I don't know if "Zazie" is all that funny, or if the humor simply doesn't translate (in-jokes about tourist-y locations in Paris don't play if you don't know them) but Malle's sheer bravado, strongly influenced by the art direction of photographer-filmmaker William Klein, keeps it compelling. It was only Malle's third film and served as a major departure from the much heavier "Elevator to the Gallows" (1958) and "The Lovers" (1958). It was the first notice Malle gave that he was a filmmaker who couldn't be easily pigeonholed, capable of shifting into just about any gear he needed for each project.
The film is presented in its original 1.33:1 aspect ratio. For a film that makes such expressive non-naturalistic use of color, it's a little disappointing that the color palette here is fairly drab. You can tell from the opening shot of rolling train tracks that the source print (a restoration but not, it seems, an extensive one) for his high-def transfer isn't the greatest. The grassy hillside looks dull green and the image has a slightly faded quality to it. There are moments when the film looks brighter but there's really no point at which you would say the colors pop. The level of detail is good, but below average for a Criterion offering. I don't have the simultaneous SD release by Criterion as a point of comparison but for high-def this isn't a particularly sharp or vibrant picture.
The linear PCM 1.0 soundtrack isn't particularly dynamic but it's clean. There isn't really a whole lot to say about this. Optional English subtitles support the French audio.
Criterion has packed in quite a few short extras here, mostly interviews.
In a brief interview (5 min.) Louis Malle talks about the film just before its release, encouraging viewers to see it as frightening as well as humorous. This is an excerpt from the program "JT 19h15" and originally aired on Oct 26, 1960.
An interview with little Catherine Demongeot (8 min.) is downright odd.

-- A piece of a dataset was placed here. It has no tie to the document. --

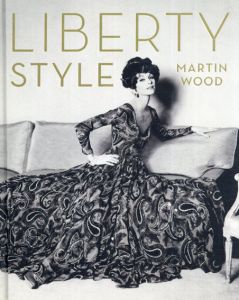 Liberty Style/Martin Wood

The interviewer is obsessed with finding out whether the young star has been damaged by playing the controversial character and keeps annoying the hell out of her (and her parents) with aggressive questions. This is an excerpt from "Cinq colonnes à la une" and originally aired on March 4, 1960.
The two most interesting interviews in the set are with the novel's author Raymond Queneau, the first from "Lectures pour tous" (Feb 4, 1959, 9 min.) and the second from "En français dans la texte" (March 24, 1961, 6 min.) The writer is somewhat evasive in both interviews but offers insight into both his writing and what he thinks of the book's reception.
We also get audio only interviews with co-screenwriter Jean-Paul Rappeneau (10 min.) and "Zazie" art consultant William Klein (13 min, April 2011).
The only non-interview on the disc is "Le Paris de Zazie" (15 min.), a 2005 documentary by Philippe Collin, Malle's assistant director. Collin discusses some of the Paris locations featured in the movie.
An Original Theatrical Trailer (2 min.) rounds out the collection.
The 16-page insert booklet features an essay by film scholar Ginette Vincendeau which goes into great depth about the film – this is one of the better Criterion essays in a while.
Criterion has decided to release Louis Malle's two nuttiest film at the same time, "Zazie" and "Black Moon." Both are trippy experiments and of the two I prefer "Black Moon," but "Zazie" still has its charms, both from its impish child star and the director's feats of visual derring-do. Criterion has loaded the disc with extras though just about all of them are short interviews which leaves a bit to be desired as far as analysis of the film. The high-def transfer doesn't really showcase the strengths of high-def all that much so if you're deciding between the Blu-Ray ($39.95 retail) and SD ($29.95 retail - which I haven't seen to compare) you might want to take that into consideration.